On Fri, Jul 14, 2017 at 01:00:25PM +0200, Michal Hocko wrote:
> On Fri 14-07-17 10:59:32, Mel Gorman wrote:
> > On Fri, Jul 14, 2017 at 10:00:04AM +0200, Michal Hocko wrote:
> > > From: Michal Hocko <mhocko@xxxxxxxx>
> > >
> > > build_all_zonelists has been (ab)using stop_machine to make sure that
> > > zonelists do not change while somebody is looking at them.
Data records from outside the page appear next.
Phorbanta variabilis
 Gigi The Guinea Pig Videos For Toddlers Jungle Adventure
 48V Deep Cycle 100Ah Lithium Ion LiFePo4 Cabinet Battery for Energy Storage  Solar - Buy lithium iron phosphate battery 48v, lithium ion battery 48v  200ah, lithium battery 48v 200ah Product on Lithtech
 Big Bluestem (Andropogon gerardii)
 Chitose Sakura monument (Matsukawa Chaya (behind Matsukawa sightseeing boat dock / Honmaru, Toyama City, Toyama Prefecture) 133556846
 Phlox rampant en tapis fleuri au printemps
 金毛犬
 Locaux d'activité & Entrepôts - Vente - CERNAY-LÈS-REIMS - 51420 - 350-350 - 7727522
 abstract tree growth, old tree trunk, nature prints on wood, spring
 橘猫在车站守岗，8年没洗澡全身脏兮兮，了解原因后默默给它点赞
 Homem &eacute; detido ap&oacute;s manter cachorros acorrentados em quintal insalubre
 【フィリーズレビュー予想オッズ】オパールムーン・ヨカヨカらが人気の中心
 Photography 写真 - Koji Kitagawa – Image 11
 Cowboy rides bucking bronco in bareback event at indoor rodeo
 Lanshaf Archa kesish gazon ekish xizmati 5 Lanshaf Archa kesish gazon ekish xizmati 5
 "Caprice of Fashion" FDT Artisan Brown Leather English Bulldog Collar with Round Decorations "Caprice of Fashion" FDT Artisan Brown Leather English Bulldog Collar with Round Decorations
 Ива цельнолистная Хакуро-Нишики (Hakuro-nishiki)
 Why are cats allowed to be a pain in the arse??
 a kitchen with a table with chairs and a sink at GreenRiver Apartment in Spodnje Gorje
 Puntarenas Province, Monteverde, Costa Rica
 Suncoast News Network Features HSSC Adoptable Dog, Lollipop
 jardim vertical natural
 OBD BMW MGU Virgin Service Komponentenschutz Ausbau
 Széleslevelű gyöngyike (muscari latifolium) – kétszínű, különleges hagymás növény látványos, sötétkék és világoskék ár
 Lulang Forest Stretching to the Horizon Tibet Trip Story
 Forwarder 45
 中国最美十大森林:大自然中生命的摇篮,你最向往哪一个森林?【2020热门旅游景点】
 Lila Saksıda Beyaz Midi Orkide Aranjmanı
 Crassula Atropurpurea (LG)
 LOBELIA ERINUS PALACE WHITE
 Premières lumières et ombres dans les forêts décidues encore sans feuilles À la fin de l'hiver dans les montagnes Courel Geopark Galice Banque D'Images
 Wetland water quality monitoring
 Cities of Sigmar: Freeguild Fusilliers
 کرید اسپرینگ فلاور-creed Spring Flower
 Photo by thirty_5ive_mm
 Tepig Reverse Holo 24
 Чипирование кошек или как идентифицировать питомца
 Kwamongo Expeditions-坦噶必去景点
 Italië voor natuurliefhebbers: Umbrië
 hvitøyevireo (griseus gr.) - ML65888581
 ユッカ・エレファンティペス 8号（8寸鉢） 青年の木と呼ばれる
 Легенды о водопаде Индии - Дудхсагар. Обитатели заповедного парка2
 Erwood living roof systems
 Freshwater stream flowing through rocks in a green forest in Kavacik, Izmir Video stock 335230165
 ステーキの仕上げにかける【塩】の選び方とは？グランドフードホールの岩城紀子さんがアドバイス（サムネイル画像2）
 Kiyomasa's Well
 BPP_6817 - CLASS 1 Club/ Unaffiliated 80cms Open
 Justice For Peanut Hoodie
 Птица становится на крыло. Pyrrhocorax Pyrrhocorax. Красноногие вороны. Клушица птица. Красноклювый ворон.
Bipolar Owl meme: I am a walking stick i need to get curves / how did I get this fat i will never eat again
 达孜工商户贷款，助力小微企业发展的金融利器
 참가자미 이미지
This is
> > > is just a gross hack because a) it complicates the context from which
> > > we can call build_all_zonelists (see 3f906ba23689 ("mm/memory-hotplug:
> > > switch locking to a percpu rwsem")) and b) is is not really necessary
> > > especially after "mm, page_alloc: simplify zonelist initialization".
> > >
> > > Updates of the zonelists happen very seldom, basically only when a zone
> > > becomes populated during memory online or when it loses all the memory
> > > during offline. A racing iteration over zonelists could either miss a
> > > zone or try to work on one zone twice. Both of these are something we
> > > can live with occasionally because there will always be at least one
> > > zone visible so we are not likely to fail allocation too easily for
> > > example.
> > >
> > > Signed-off-by: Michal Hocko <mhocko@xxxxxxxx>
> >
> > This patch is contingent on the last patch which updates in place
> > instead of zeroing the early part of the zonelist first but needs to fix
> > the stack usage issues. I think it's also worth pointing out in the
> > changelog that stop_machine never gave the guarantees it claimed as a
> > process iterating through the zonelist can be stopped so when it resumes
> > the zonelist has changed underneath it. Doing it online is roughly
> > equivalent in terms of safety.
>
> OK, what about the following addendum?
> "
> Please note that the original stop_machine approach doesn't really
> provide a better exclusion because the iteration might be interrupted
> half way (unless the whole iteration is preempt disabled which is not the
> case in most cases) so the some zones could still be seen twice or a
> zone missed.
> "

Works for me.

--
Mel Gorman
SUSE Labs